Darius Stills (56) and Dante Stills (55) look on during WVU’s fall camp.
(Photo Credit: Shanna Rose, BGS)

MORGANTOWN, W.Va.–Most brothers don’t get the opportunity to play football alongside each other at the collegiate level, let alone both be key contributors for their team. However, the Stills brothers get a chance to dress for West Virginia and play significant roles for the team.

For Dante, playing on the Mountaineers with Darius is something that is special.

“It’s my older brother,” Dante said. “It’s a dream as a kid to play with your older brother, especially at the next level. I feel like it’s an honor. I have someone to look up to and he has someone to give feedback to that’s younger. I feel like to play with him, it’s a great experience.”

During Darius’ freshman season at WVU, it felt like part of him was missing without his other half.

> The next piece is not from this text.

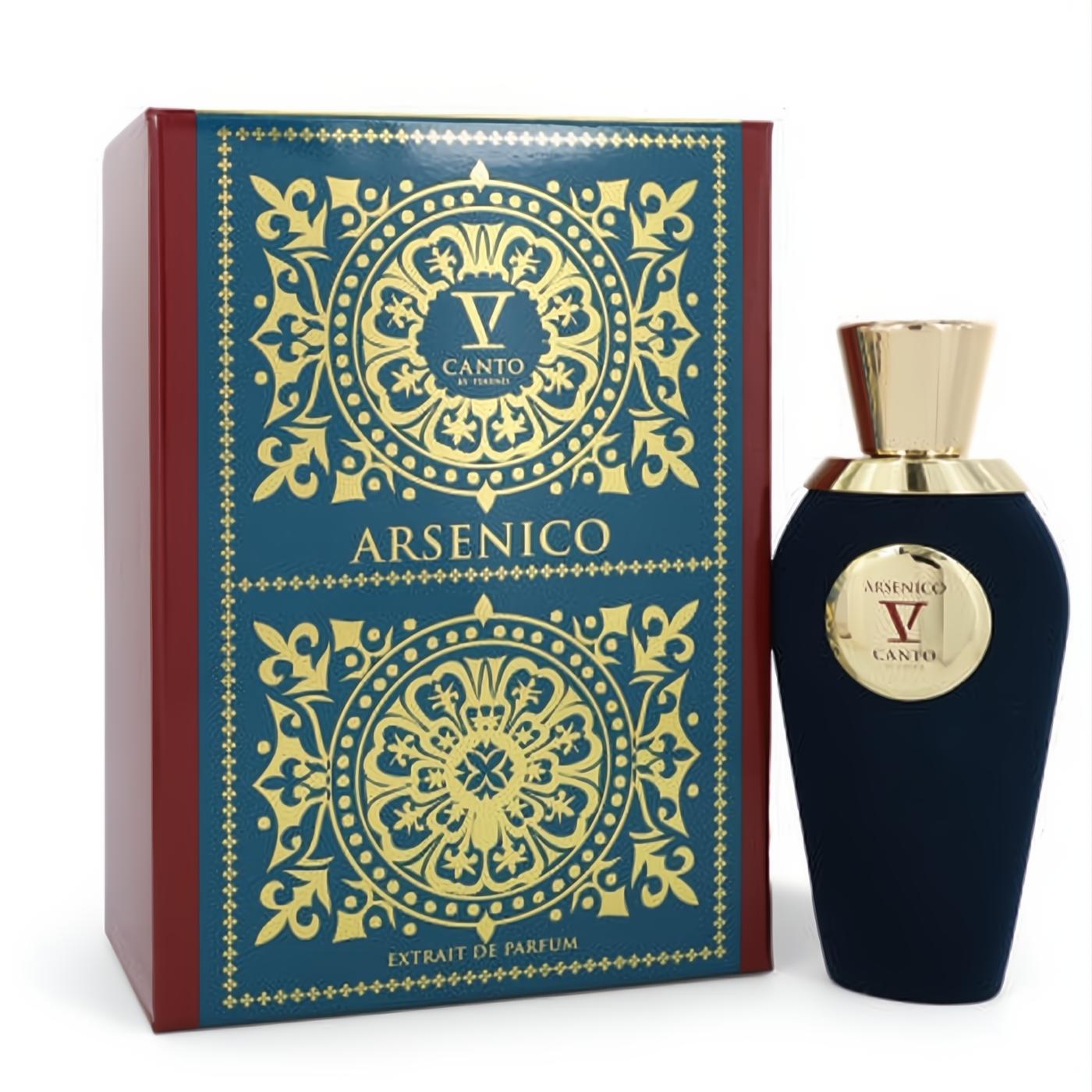 Captivating Arsenico V Canto unisex fragrance: dark blue velvet bottle with a gold cap, next to its ornate gold-filigree box.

“It’s like you have another one of you out there so you’re getting comfortable,” Darius said. “My freshman year I was in here by myself and it didn’t feel the same. So when Dante came up my sophomore year, his freshman year, I felt like I had my family back. I had my other half back. Us playing together is just the dynamic duo for having a good season.”

Darius Stills (56) during WVU’s spring practice.
(Photo Credit: Shanna Rose, BGS)

The connection between Dante and Darius is apparent and the two have continued to grow their bond not just as teammates and brothers but also as roommates.

“We actually do live together,” Dante said. “We’re always together no matter what. It’s like we can never get away from each other.”

For the two brothers, not only are they playing together but close to home. 

Dante and Darius come from 15 miles down the road in Fairmont. The youngest Stills brother loves all the support that has come from this and having a huge support system so close.

Dante Stills (55) takes a knee during WVU’s spring practice.
(Photo Credit: Shanna Rose, BGS)

“Playing for the state is different than other people coming in and not playing for their state,” Dante said. “Playing for their state, you have people that have watched you grow as an athlete, especially from middle school to high school. A lot of people watched me from high school into my recruiting process and are now watching me. People that have been there my whole life. People that I looked up to are watching me at the next level. It’s just a great feeling to have people around you that support you no matter what, ups and downs. It’s great playing for a state that supports you.”